## SOURCE MATERIAL
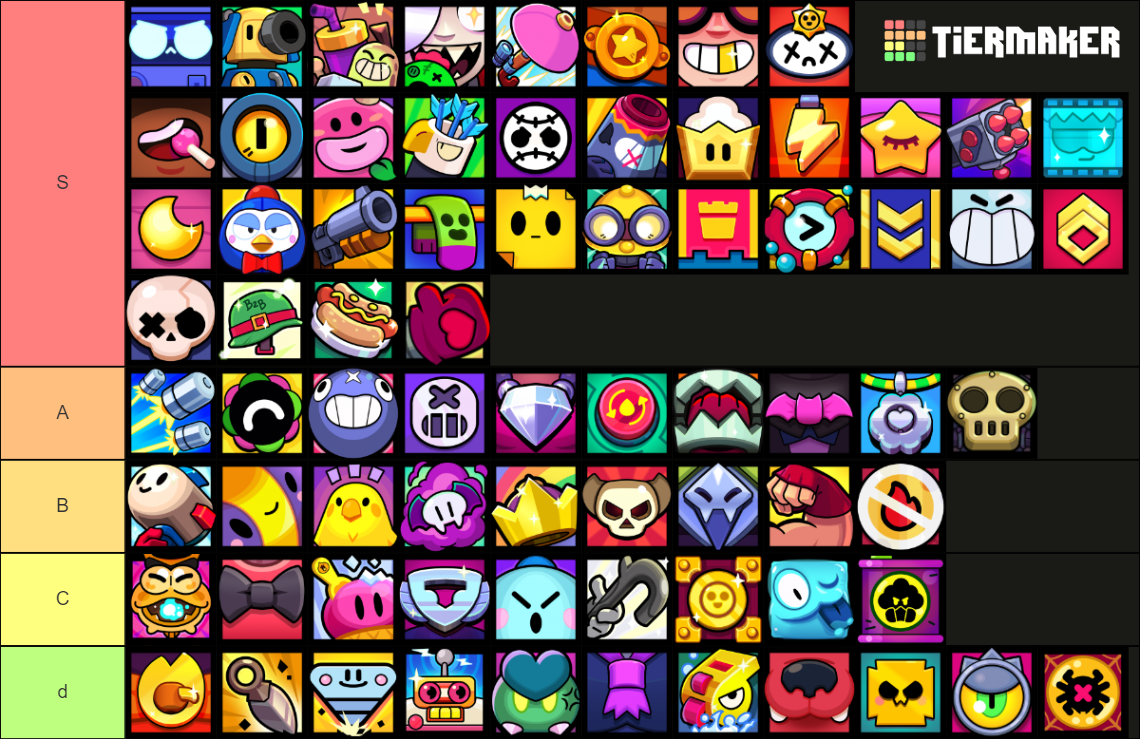 All Mastery Profile Icons of All Brawlers in Brawl Stars Tier List ...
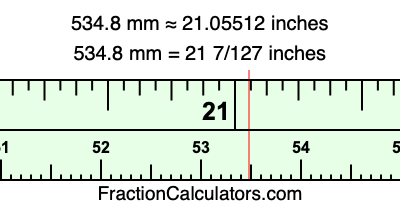 534.8 mm in inches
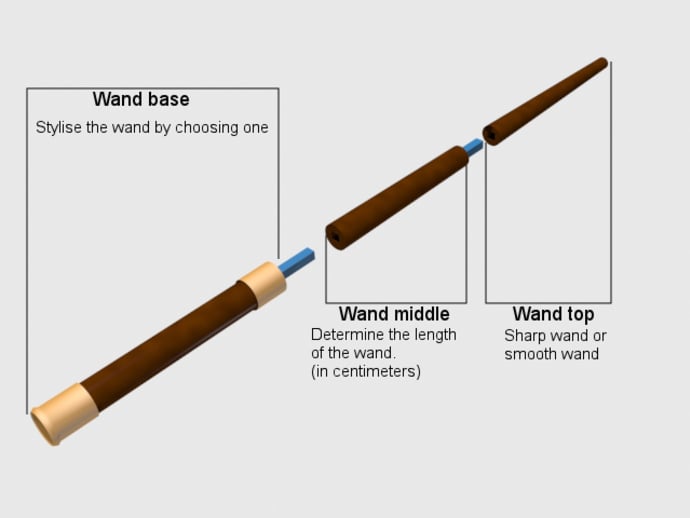 Harry Potter's style wands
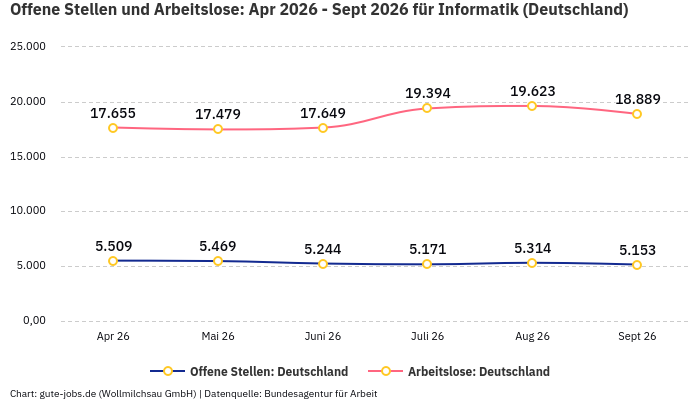 Offene Stellen und Arbeitslose: Apr 2026 - Sept 2026 | Für Informatik | Bundesland Deutschland Offene Stellen und Arbeitslose: Apr 2026 - Sept 2026 | Für Informatik | Bundesland Deutschland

## WORK INSTRUCTION
Word for word, reproduce all the data, but not the pictures.

## RESULT OF THIS EXERCISE
 All Mastery Profile Icons of All Brawlers in Brawl Stars Tier List ...
 534.8 mm in inches
 Harry Potter's style wands
 Offene Stellen und Arbeitslose: Apr 2026 - Sept 2026 | Für Informatik | Bundesland Deutschland Offene Stellen und Arbeitslose: Apr 2026 - Sept 2026 | Für Informatik | Bundesland Deutschland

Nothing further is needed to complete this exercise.